There are many obstacles that can come between you and success in the brewing industry. Competition, quality control, marketing, distribution and municipal / provincial / federal laws may all have an effect on whether your business grows. Therefore, you should develop a risk management plan which includes risk analysis.

What is Risk?

Risk can be defined as anything that may adversely affect a business’ ability to achieve its goals and objectives. The key to understanding risk management  is to simplify the process. 

How to Perform Risk Analysis Step 1

The first step is to identify all potential issues as they relate to your business. This list needs to be comprehensive and include every possible risk imaginable, including weather, financial, socio-economic and human resources concerns.

Step 2

The next step is to perform an analysis of each risk. In order to do this properly, you need to assess each risk for frequency (how often it will occur) and severity (how significant the damage could be). For example, an extremely cold stretch of weather could have a large impact on the sales of beer, causing your revenue to decline and ultimately impacting almost everything else you do.

Another risk could be your accounts receivables. If your A/R grows and is difficult to collect, it will affect your cash flow and could create operational challenges.

What if another micro-brewery opens up just around the corner from you?
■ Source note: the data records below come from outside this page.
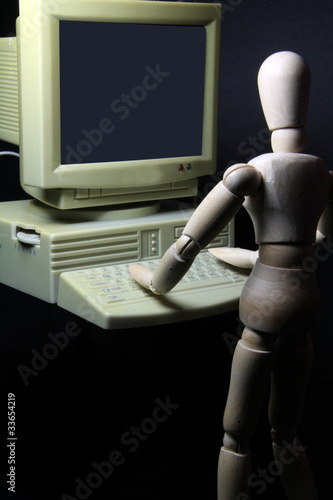 humanoid working on an old PC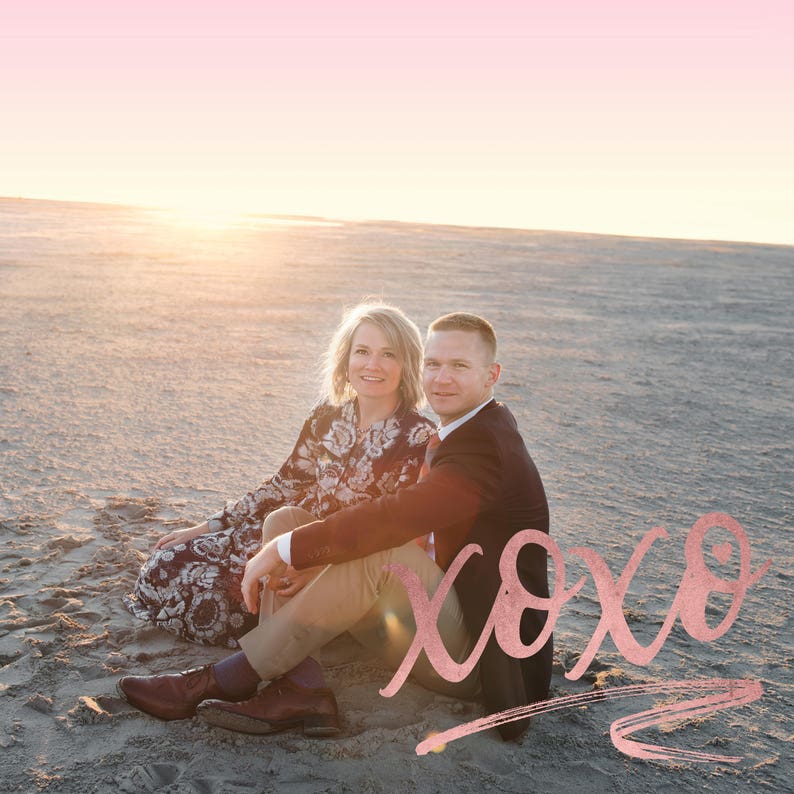 May include: A couple sits on a sandy beach at sunset, smiling at the camera. The word "xoxo" is written in pink script in the foreground.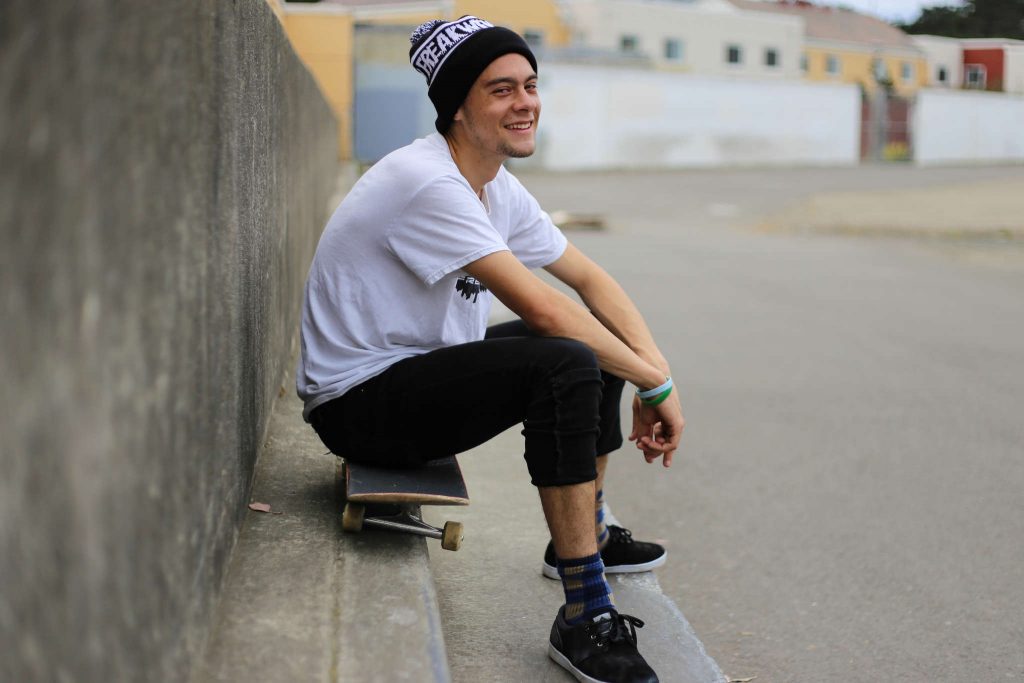 Sam Gershwin, a SF State cinema major and the owner of skate company Freakwency, stops for a portrait at the lowledge; a popular skate spot across from the West Campus Green on Monday, March. 16, 2015. (Kate Fraser / Xpress)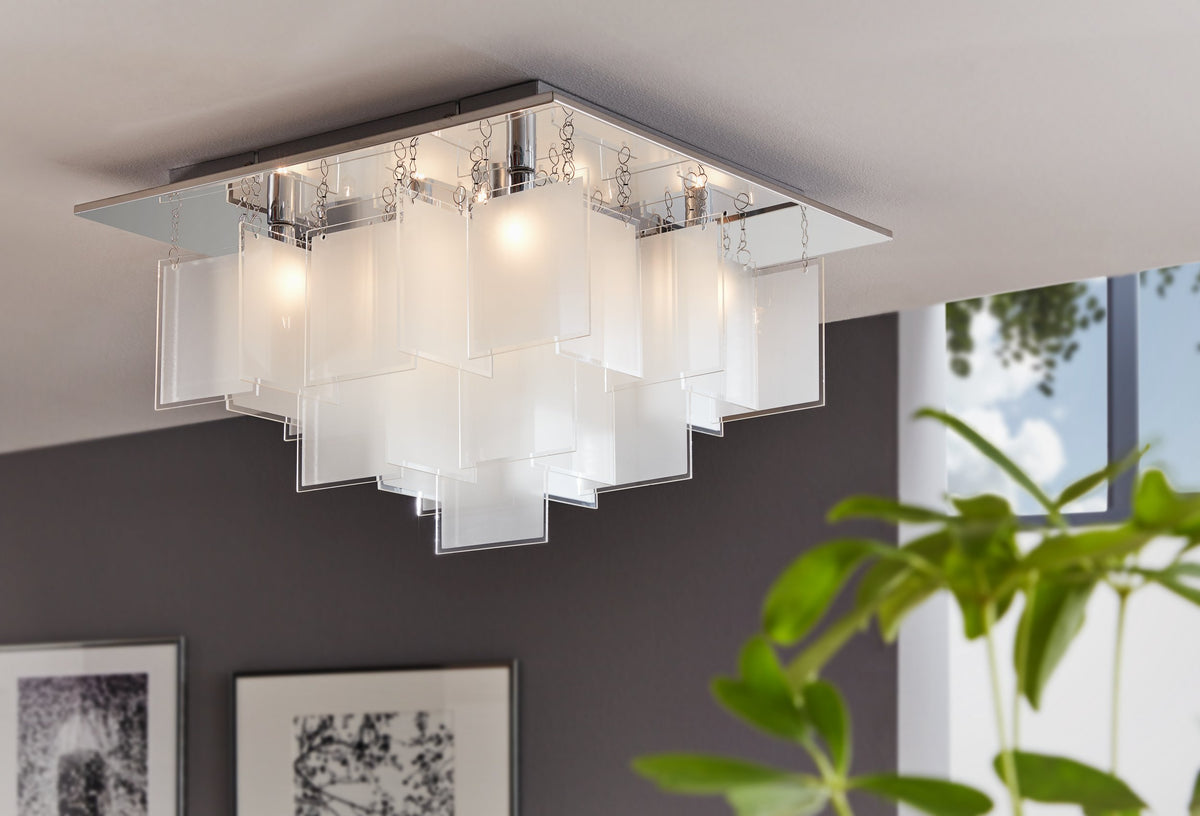 Luminaire allumé fixé au plafond dans un salon, panneaux de verre étagés en cascade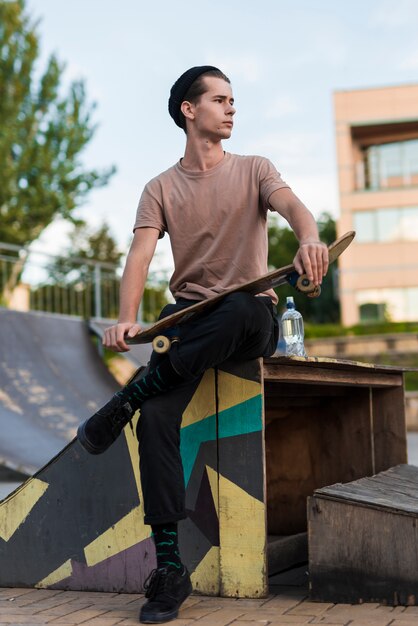 Modelo masculino joven posando con patineta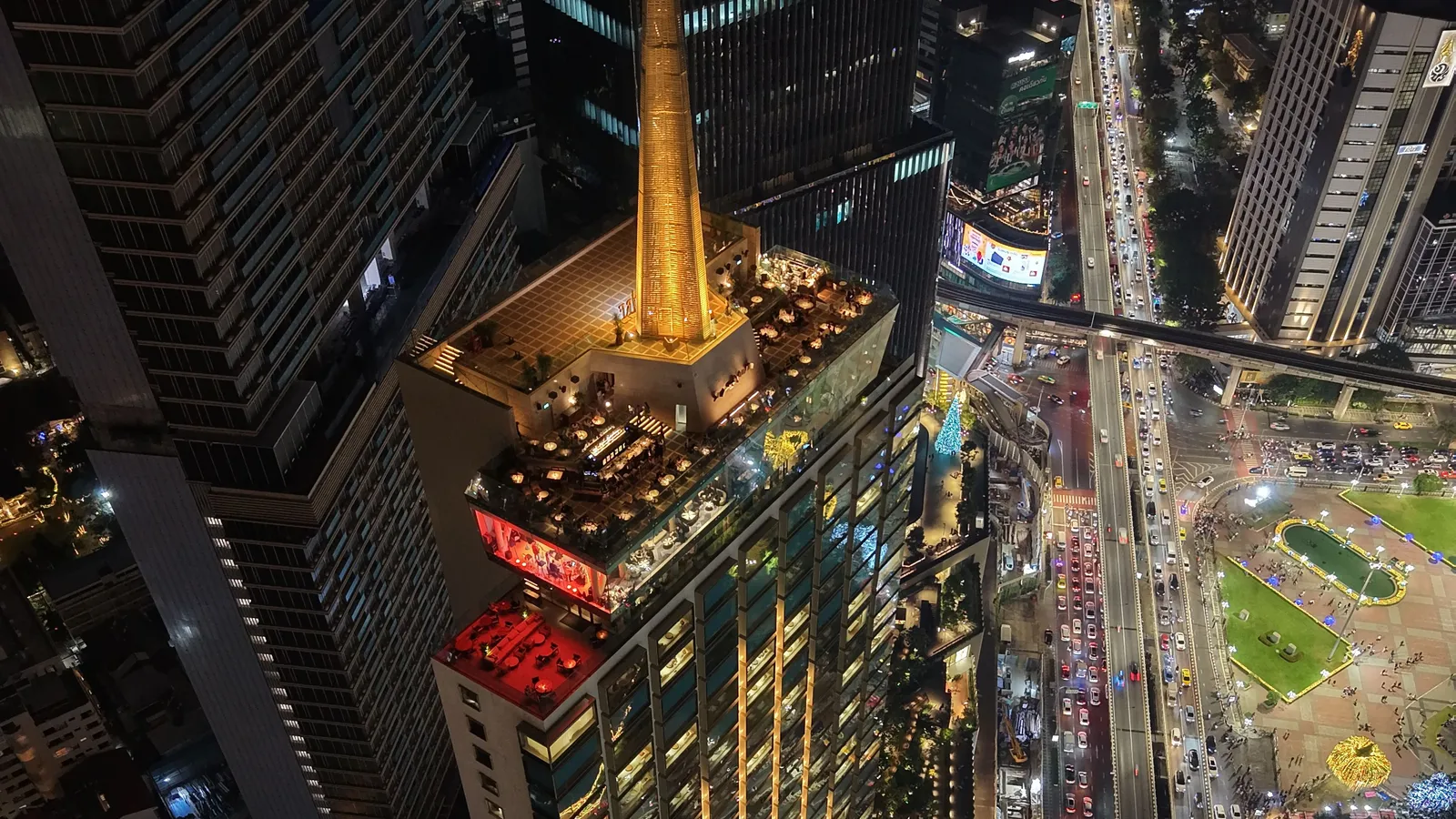 Night view of Spire rooftop on the Dusit Thani Bangkok, with the hotel's golden spire and Lumpini Park alongside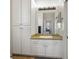 Bathroom with granite countertop, white cabinets, and a large mirror at 2012 Poetry Ave, Henderson, NV 89052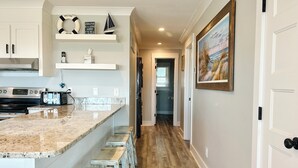 A kitchen with a granite countertop, white cabinets, and a wooden floor. There are bar stools and a refrigerator in the background. - Pet Friendly, Ocean Front w/ Heated Private Pool and Sun Deck (Brunswick)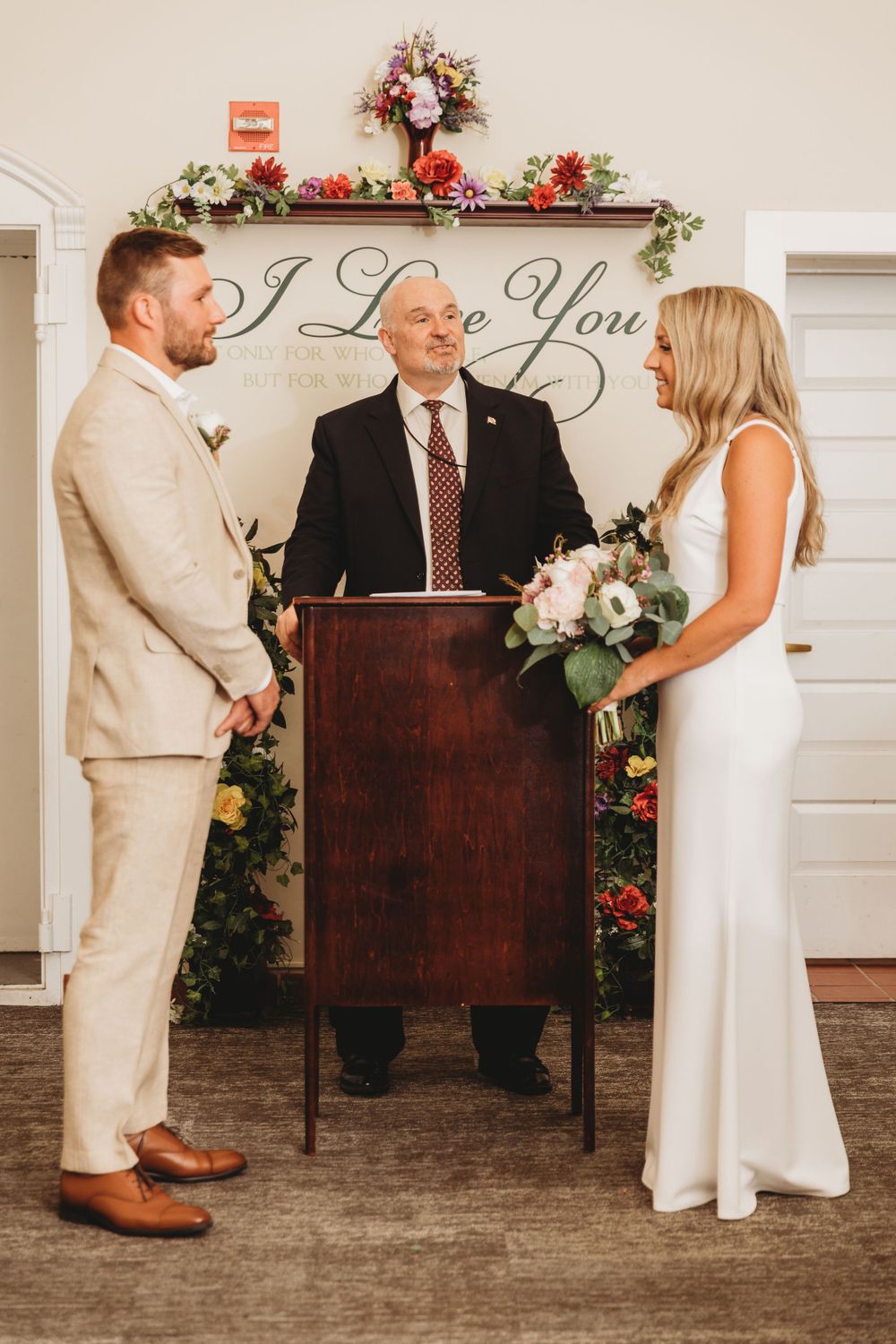 Wedding ceremony setup with wooden podium and floral decorations against white backdrop. Annapolis courthouse wedding photography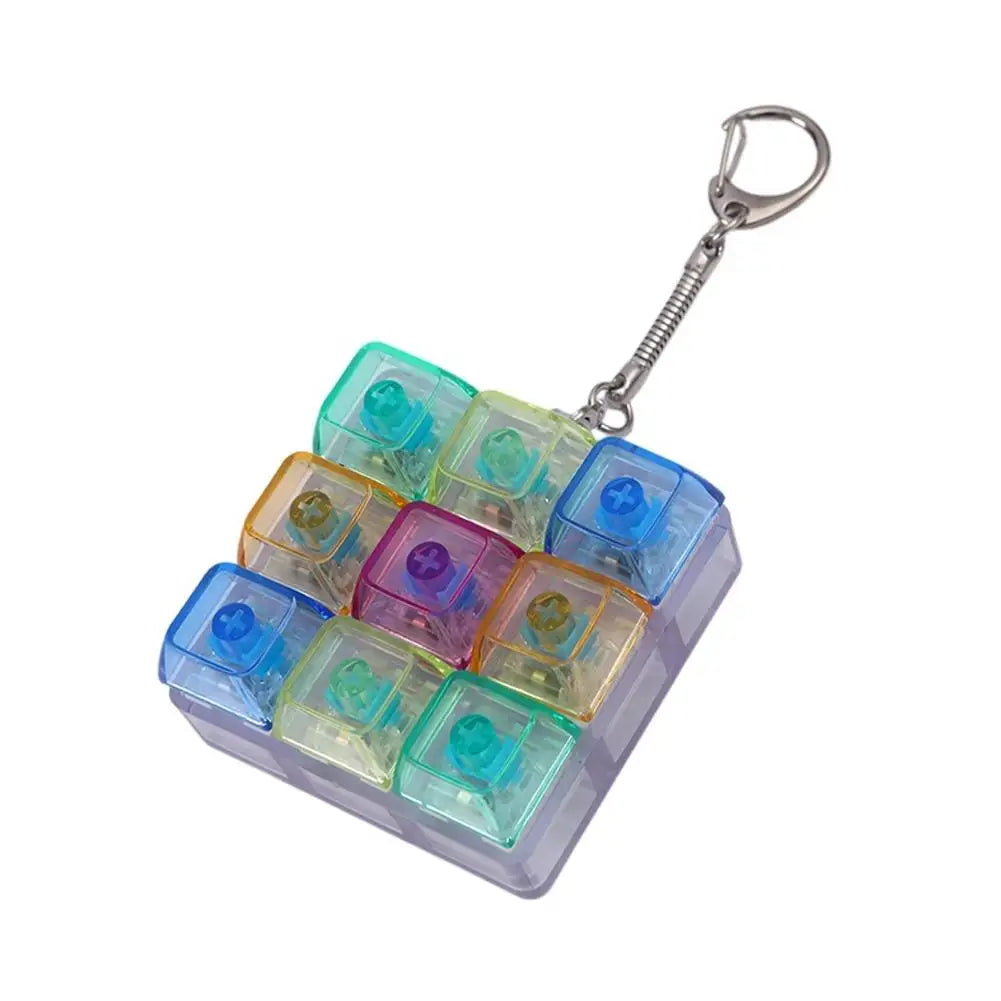 Una carcasa de plástico transparente que contiene múltiples teclados mecánicos mini con luces LED, sujetos a un anillo de lla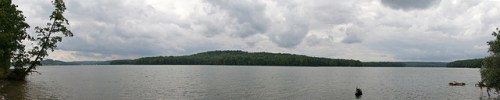 A panoramic view of a calm lake surrounded by lush green hills under a cloudy sky.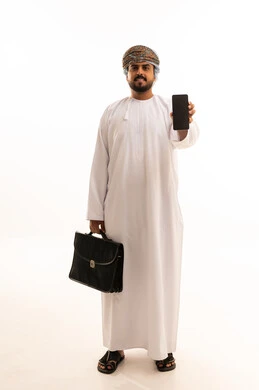 Omani Businessman Holding Smartphone and Briefcase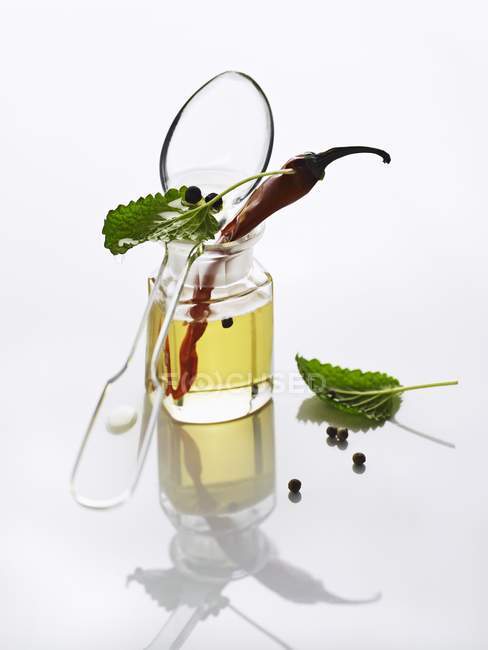 Öl, Kräuter, eine Chilischote und Pfefferkörner auf weißem Hintergrund — Stockfoto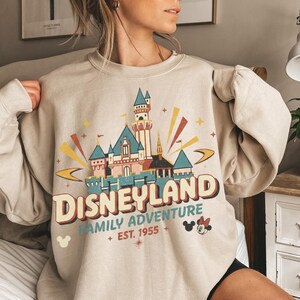 Puede incluir: Sudadera beige de cuello redondo con un gr&aacute;fico colorido de Disneyland. El dise&ntilde;o incluye un castillo, la palabra "Disneyland", "Family Adventure" y "Est. 1955". Mickey Mouse y Minnie Mouse tambi&eacute;n est&aacute;n presentes.
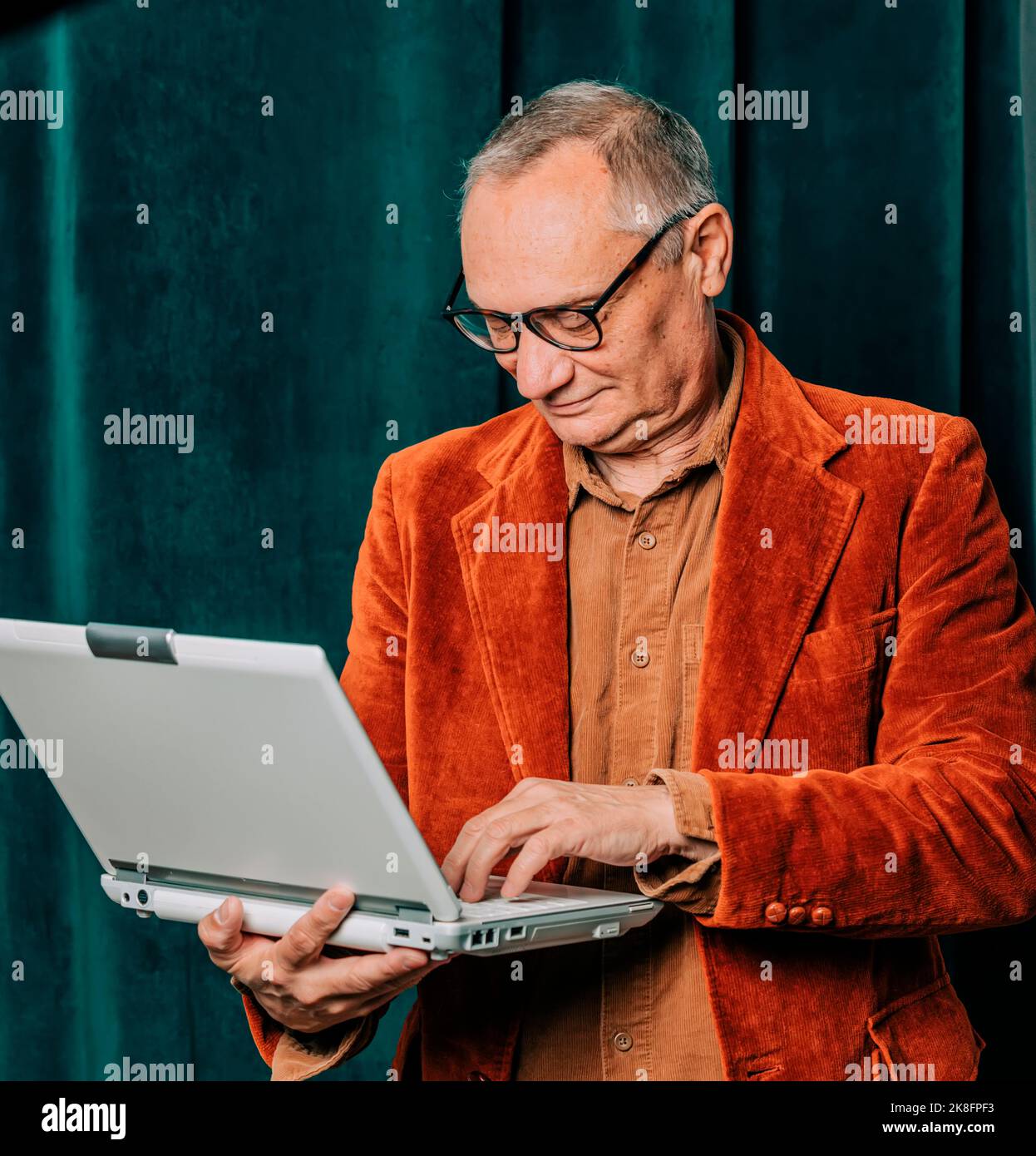 Älterer Mann, der vor dem Vorhang einen Laptop benutzt Stockfoto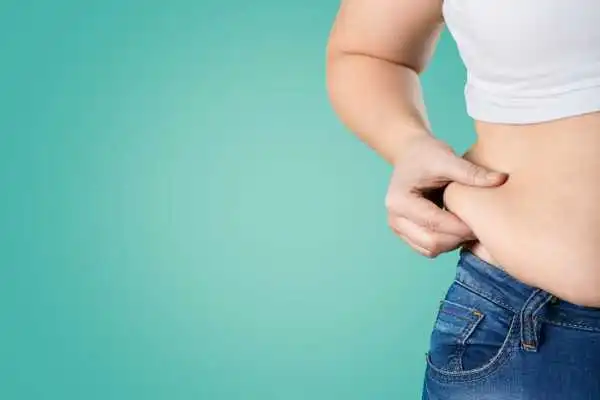 Image of woman pinching her love handles to show weight gain Uxbridge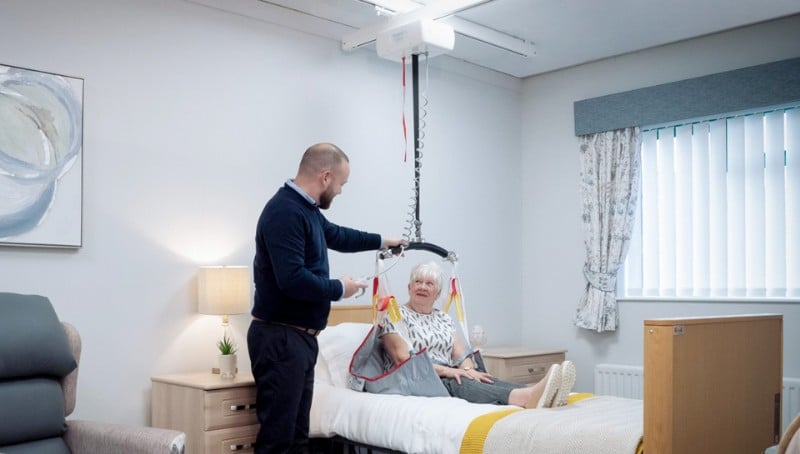 woman sitting in bed waiting to be transferred with a Lifeway Mobility ceiling lift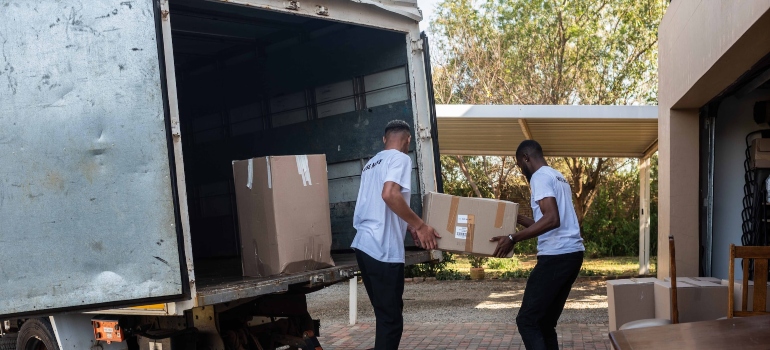 Two movers carrying a box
This increase in competition could decrease your walk-in traffic, distribution targets and overall sales.

Benefits of Risk Analysis

Analyzing risk will allow you to create policies and procedures that will minimize the effects of these issues by:

  • avoiding the activity that could contribute to the loss
  • reducing the number of times this event occurs
  • reducing the impact of the event

Keep in mind that you cannot totally avoid risk, but you can manage it.